Lever du soleil à une station du Système mondial de navigation par satellite (GNSS) près de Kangerlussuaq, dans l'ouest du Groenland. Le Dr Ajourlou utilise les mouvements terrestres en 3D enregistrés par ces stations pour étudier l'histoire de la calotte glaciaire et les propriétés rhéologiques de la croûte et du manteau sous-jacents.
Crédit photo : Kristian K. Kjeldsen, Geological Survey of Denmark and Greenland.
Parviz Ajourlou a entrepris des études en sciences à partir d’une simple question qui s’est muée en mission de recherche mondiale. En Iran, où il a d’abord étudié la surface et la gravité terrestres, il était animé par le désir de comprendre non seulement les changements de la planète, mais les raisons de ces changements. Ce questionnement l’a conduit au Canada, à l’Université d’Ottawa, où il a exploré les structures profondes dans le sous-sol du Groenland. Durant son doctorat, la science, les technologies et la collaboration internationale l’ont aidé à mieux comprendre les changements climatiques et leurs répercussions.

Tout a commencé à Téhéran, où Parviz a obtenu une maîtrise en géodésie, la science qui étudie la dynamique de la forme, de la gravité et de la surface de la Terre au moyen de données de satellites. « J’ai demandé à mon directeur de recherche pourquoi la déformation de la surface avait de l’importance », se souvient-il. La réponse a tout changé pour lui : « Ce qui compte le plus, n’est pas tant ce qu’il se passe à la surface de la Terre, mais la raison de ces phénomènes. » Cette réflexion a poussé l’étudiant à s’intéresser de plus près à la physique et à la géodynamique qui sous-tendent les forces cachées de la planète.

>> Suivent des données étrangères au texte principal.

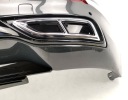 PARE-CHOCS ARRIÈRE VW TIGUAN II R-LINE 6X PDC LC7Q 5NA 5NA807521G NEUF ORIGINEphoto 11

Sa curiosité l’a finalement mené au Canada pour travailler dans le laboratoire de géophysique computationnelle du professeur Glenn Milne. Tous deux formaient une équipe parfaite : Parviz se passionnait pour les mathématiques, l’informatique et les systèmes terrestres, et le professeur Milne offrait un environnement de recherche ancré dans la collaboration internationale et les applications concrètes.

Cette nouvelle étape a amené le doctorant à changer son approche de la recherche. « En Iran, par manque de données et de technologies, nous privilégions la théorie, explique-t-il. Ici, j’ai appris à conjuguer la théorie, les applications pratiques et les divers ensembles de données. »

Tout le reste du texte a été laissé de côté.